> [WHAT THE TASK REQUIRES] Every line from the one with "Malachite butterfly on leaf mouse mat" to the one with "Outdoor bonsai - Ulmus", including those two, is to be copied exactly; all other lines of the entries below are left out.

> [RECORDS TO USE]
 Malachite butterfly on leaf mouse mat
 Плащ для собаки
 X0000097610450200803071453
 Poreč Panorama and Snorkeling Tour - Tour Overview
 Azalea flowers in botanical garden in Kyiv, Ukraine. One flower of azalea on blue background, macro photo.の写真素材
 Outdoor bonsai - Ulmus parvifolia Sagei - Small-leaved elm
* * *
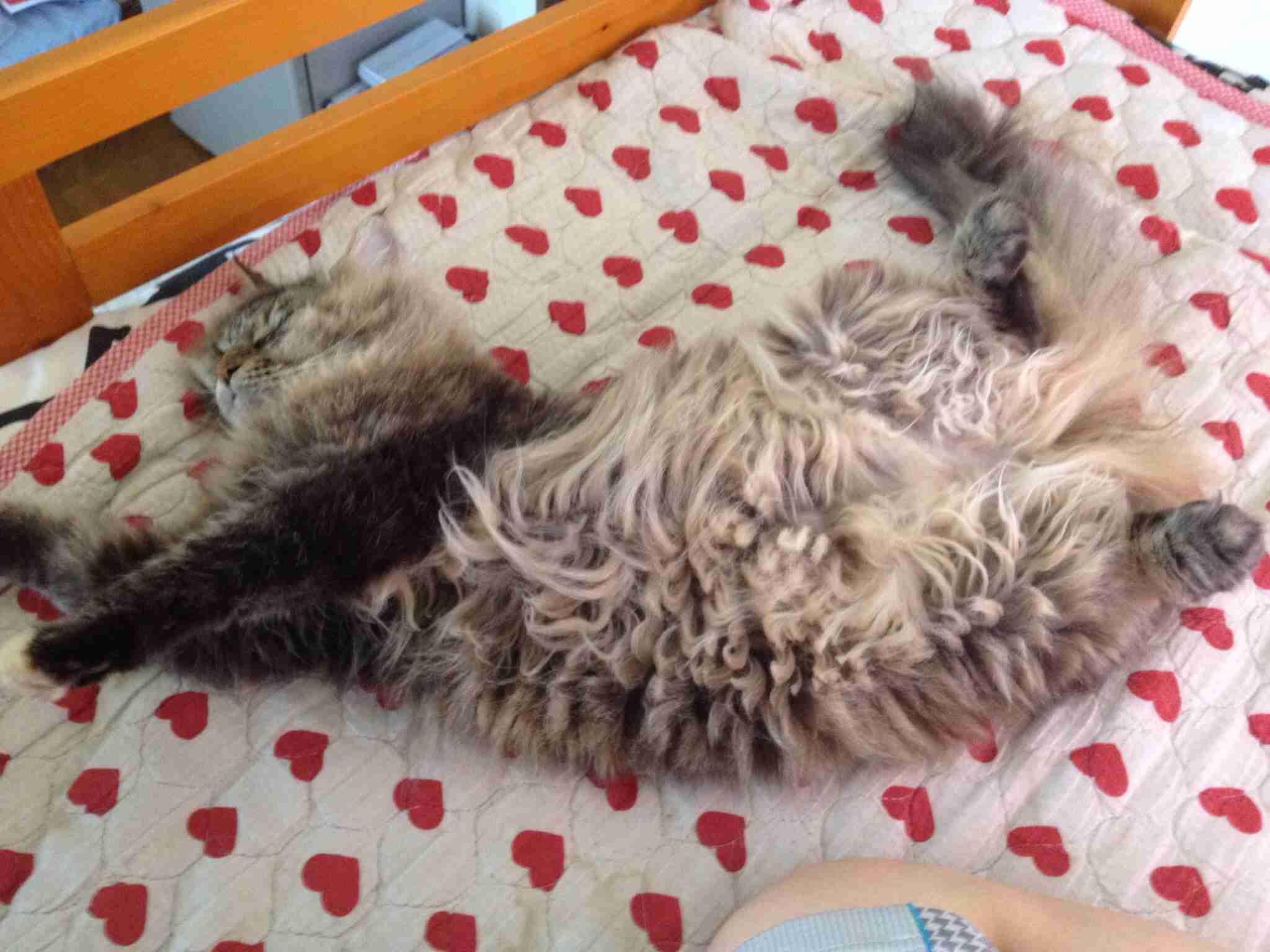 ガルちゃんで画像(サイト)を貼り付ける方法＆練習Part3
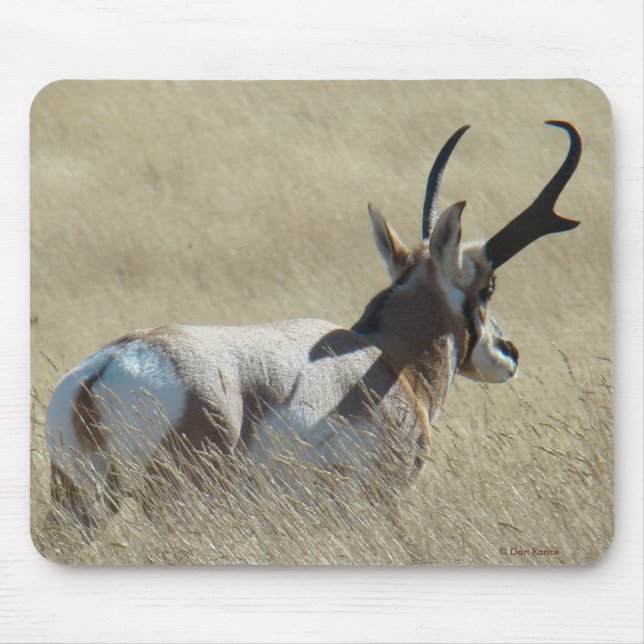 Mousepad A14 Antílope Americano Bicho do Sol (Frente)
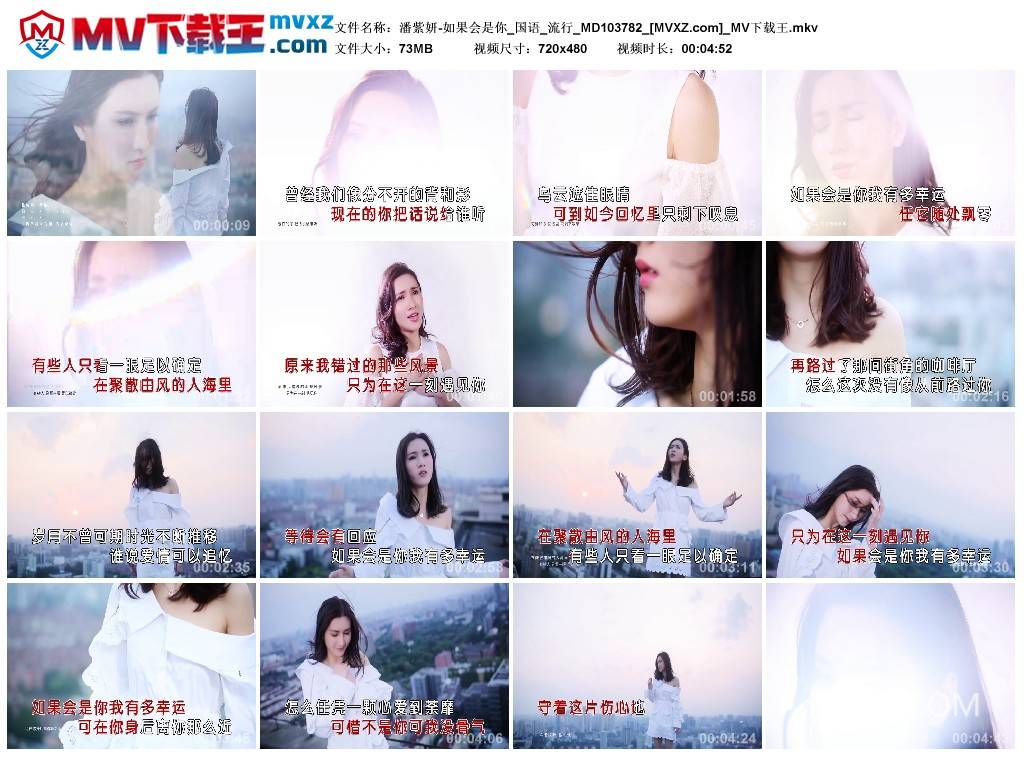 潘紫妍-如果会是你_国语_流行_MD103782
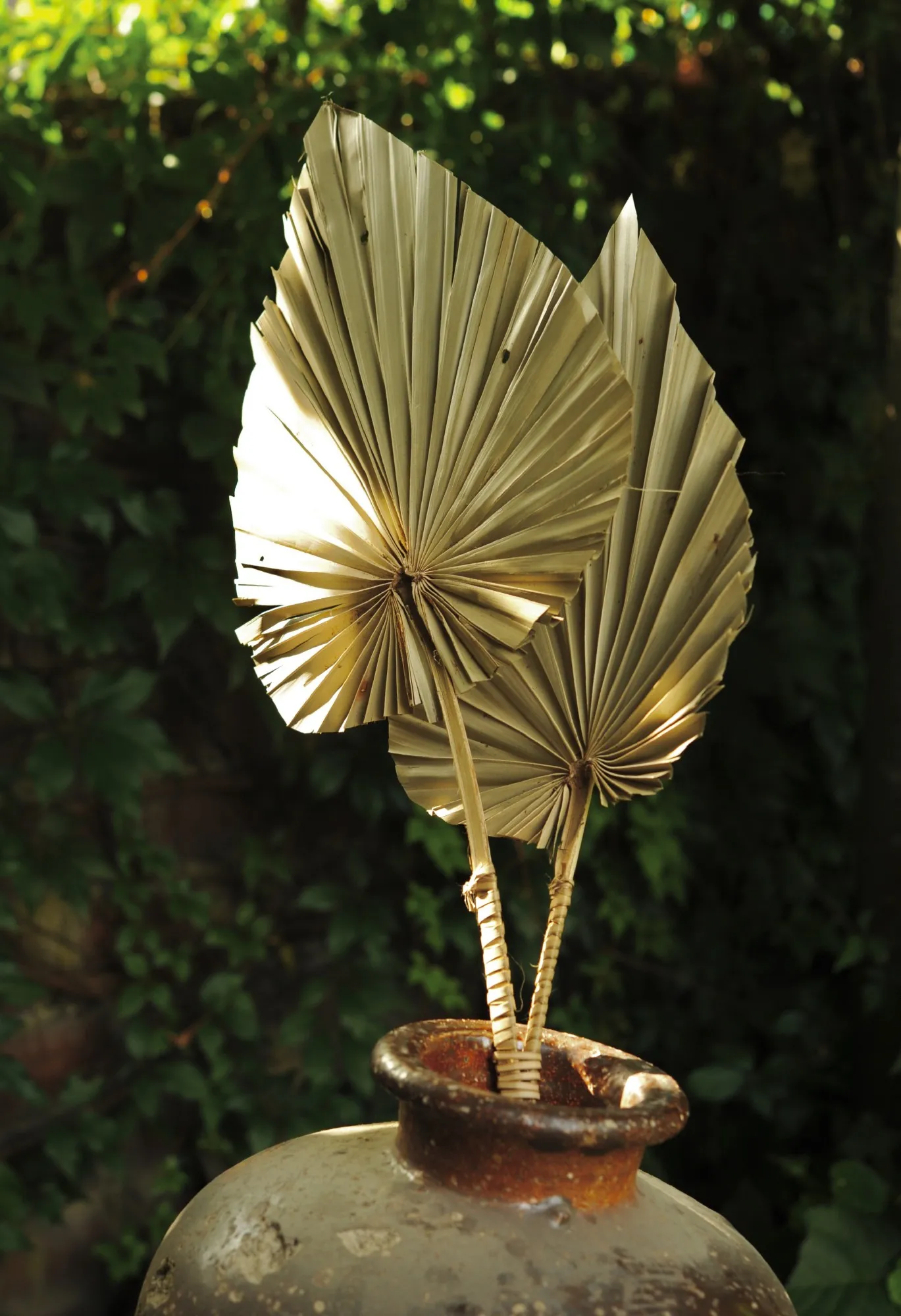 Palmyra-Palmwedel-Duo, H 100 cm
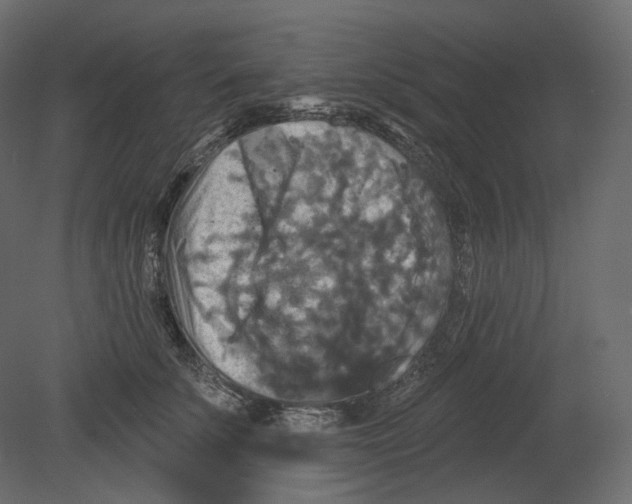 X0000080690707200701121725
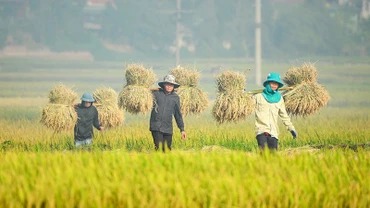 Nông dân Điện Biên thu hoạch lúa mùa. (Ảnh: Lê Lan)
...
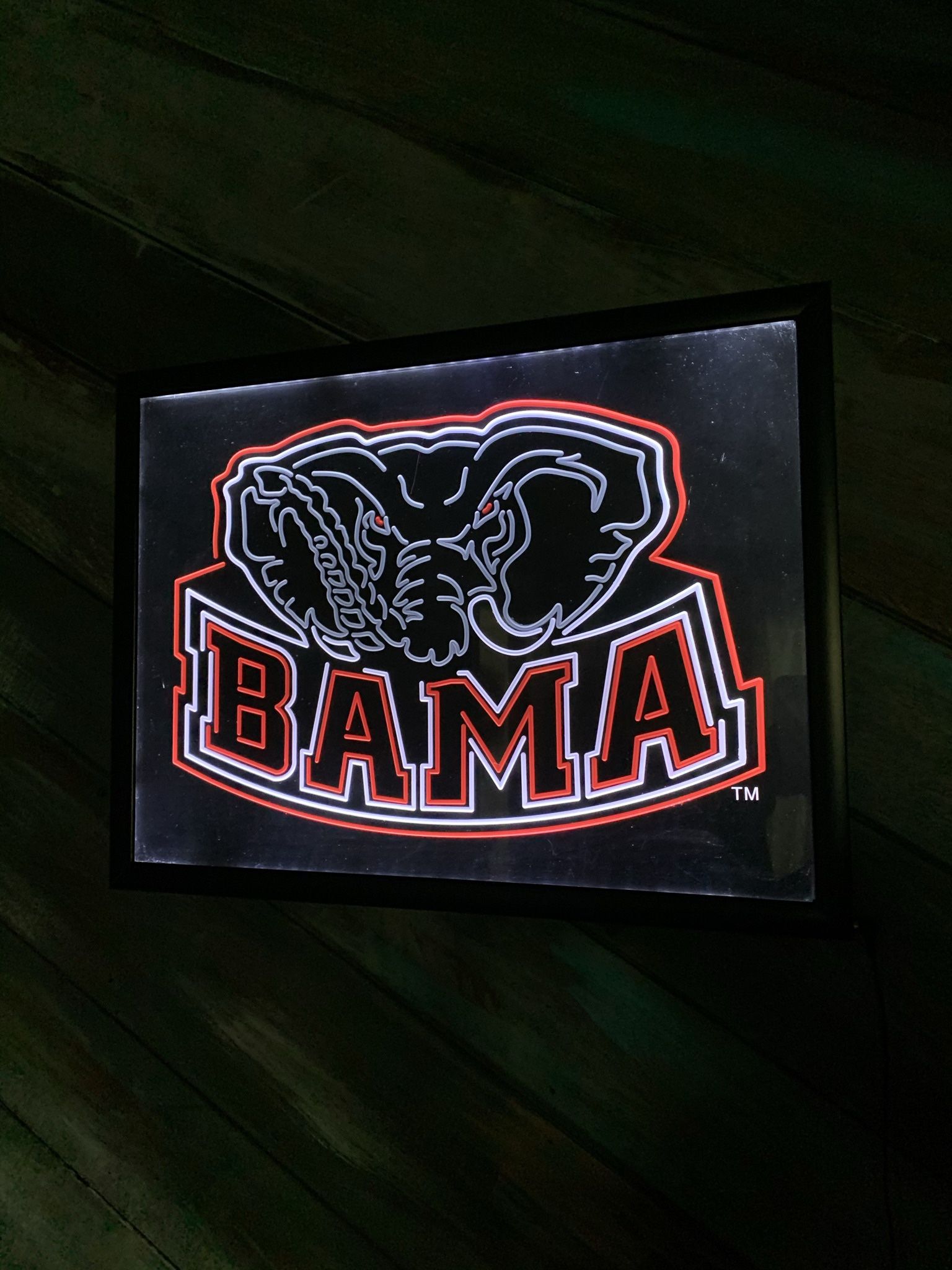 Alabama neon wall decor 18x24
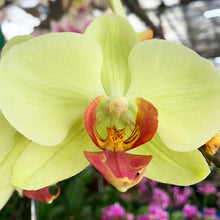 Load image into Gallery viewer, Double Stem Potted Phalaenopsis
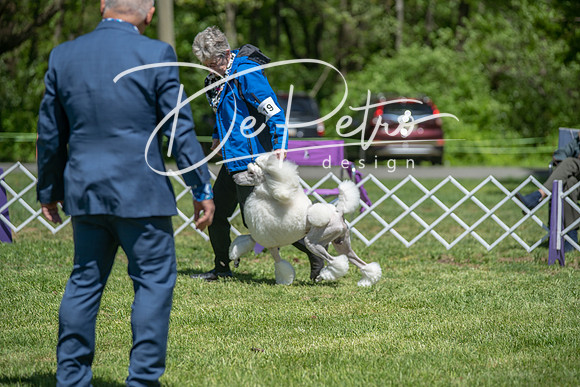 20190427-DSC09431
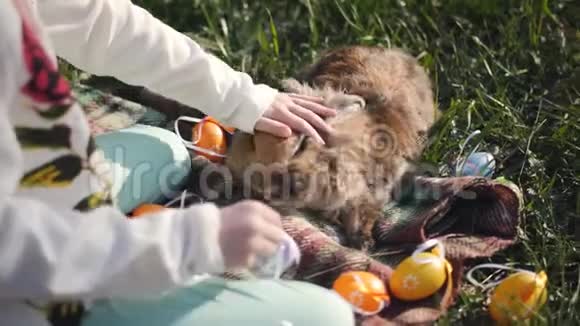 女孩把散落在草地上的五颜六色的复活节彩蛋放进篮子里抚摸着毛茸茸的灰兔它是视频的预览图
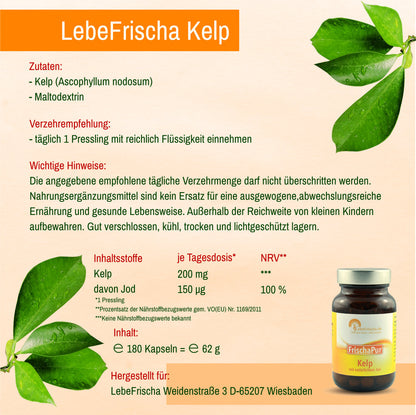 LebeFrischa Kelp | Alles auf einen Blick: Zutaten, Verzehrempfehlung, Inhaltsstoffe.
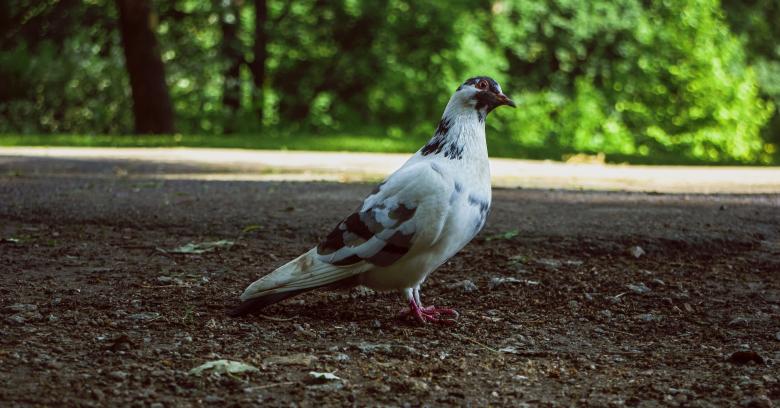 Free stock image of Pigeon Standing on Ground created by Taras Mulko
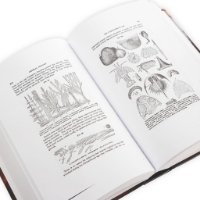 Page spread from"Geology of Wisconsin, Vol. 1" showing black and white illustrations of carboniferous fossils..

> [WRITTEN SOLUTION]
 Malachite butterfly on leaf mouse mat
 Плащ для собаки
 X0000097610450200803071453
 Poreč Panorama and Snorkeling Tour - Tour Overview
 Azalea flowers in botanical garden in Kyiv, Ukraine. One flower of azalea on blue background, macro photo.の写真素材
 Outdoor bonsai - Ulmus parvifolia Sagei - Small-leaved elm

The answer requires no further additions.